Linked lists in Java - Help with writing methods
- by user368241
Representation of a string in linked lists
In every intersection in the list there will be 3 fields :
The letter itself.
The number of times it appears consecutively.
A pointer to the next intersection in the list.
The following class CharNode represents a intersection in the list :
public class CharNode {
private char _data;
private int _value;
private charNode _next;
public CharNode (char c, int val, charNode n) {
_data = c;
_value = val;
_next = n;
}
public charNode getNext() { return _next; }
public void setNext (charNode node) { _next = node; }
public int getValue() { return _value; }
public void setValue (int v) { value = v; }
public char getData() { return _data; }
public void setData (char c) { _data = c; }
}
The class StringList represents the whole list :
public class StringList {
private charNode _head;
public StringList() {
_head = null;
}
public StringList (CharNode node) {
_head = node;
}
}
Add methods to the class StringList according to the details :
(I will add methods gradually according to my specific questions)

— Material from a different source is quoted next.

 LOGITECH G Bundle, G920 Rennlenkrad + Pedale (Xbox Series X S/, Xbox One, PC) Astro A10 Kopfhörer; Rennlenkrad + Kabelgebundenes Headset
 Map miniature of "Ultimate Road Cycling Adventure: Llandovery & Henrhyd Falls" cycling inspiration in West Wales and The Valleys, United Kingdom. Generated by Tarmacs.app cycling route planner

(Pay attention, these are methods from the class String and we want to fulfill them by the representation of a string by a list as explained above)

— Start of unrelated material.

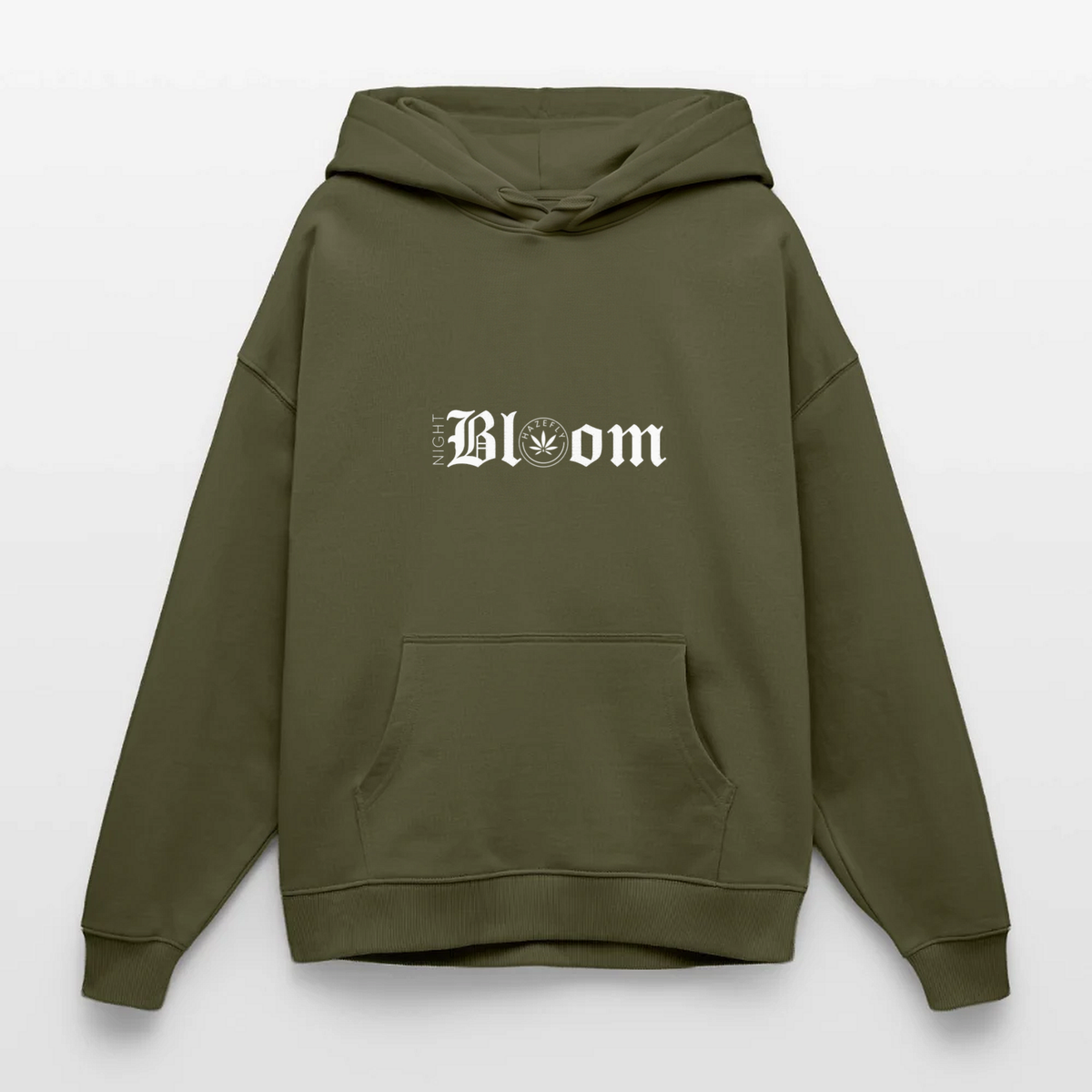 NIGHT BLOOM Oversized Unisex Bio-Hoodie - Khaki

Pay attention to all the possible error cases. Write what is the time complexity and space complexity of every method that you wrote. Make sure the methods you wrote are effective. It is NOT allowed to use ready classes of Java. It is NOT allowed to move to string and use string operations.
1) public int indexOf (int ch) - returns the index in the string it is operated on of the first appeareance of the char "ch". If the char "ch" doesn't appear in the string, returns -1. If the value of fromIndex isn't in the range, returns -1.
Here is my try :
public int indexOf (int ch) {
int count = 0;
charNode pos = _head;
if (pos == null ) {
return -1;
}
for (pos = _head; pos!=null && pos.getData()!=ch; pos = pos.getNext()) {
count = count + pos.getValue();
}
if (pos==null) return -1;
return count;
}
Time complexity = O(N)
Space complexity = O(1)
EDIT : I have a problem. I tested it in BlueJ and if the char ch doesn't appear it returns -1 but if it does, it always returns 0 and I don't understand why... I am confused. How can the compiler know that the value is the number of times the letter appears consecutively? Can I assume this because its given on the question or what? If it's true and I can assume this, then my code should be correct right?
Ok I just spoke with my instructor and she said it isn't required to write it in the exercise but in order for me to test that it indeed works, I need to open a new class and write a code for making a list so that the the value of every node is the number of times the letter appears consecutively. Can someone please assist me? So I will copy+paste to BlueJ and this way I will be able to test all the methods.
Meanwhile I am moving on to the next methods.
2) public int indexOf (int ch, int fromIndex) - returns the index in the string it is operated on of the first appeareance of the char "ch", as the search begins in the index "fromIndex". If the char "ch" doesn't appear in the string, returns -1. If the value of fromIndex doesn't appear in the range, returns -1.
Here is my try:
public int indexOf (int ch, int fromIndex) {
int count = 0, len=0, i;
charNode pos = _head;
CharNode cur = _head;
for (pos = _head; pos!=null; pos = pos.getNext()) {
len = len+1;
}
if (fromIndex<0 || fromIndex>=len)
return -1;
for (i=0; i<fromIndex; i++) {
cur = cur.getNext();
}
if (cur == null ) {
return -1;
}
for (cur = _head; cur!=null && cur.getData()!=ch; cur = cur.getNext()) {
count = count + cur.getValue();
}
if (cur==null) return -1;
return count;
}
Time complexity = O(N) ?
Space complexity = O(1)
3) public StringList concat (String str) - returns a string that consists of the string that it is operated on and in its end the string "str" is concatenated.
Here is my try :
public StringList concat (String str) {
String str = "";
charNode pos = _head;
if (str == null)
return -1;
for (pos = _head; pos!=null; pos = pos.getNext()) {
str = str + pos.getData();
}
str = str + "str";
return str;
}
Time complexity = O(N)
Space complexity = O(1)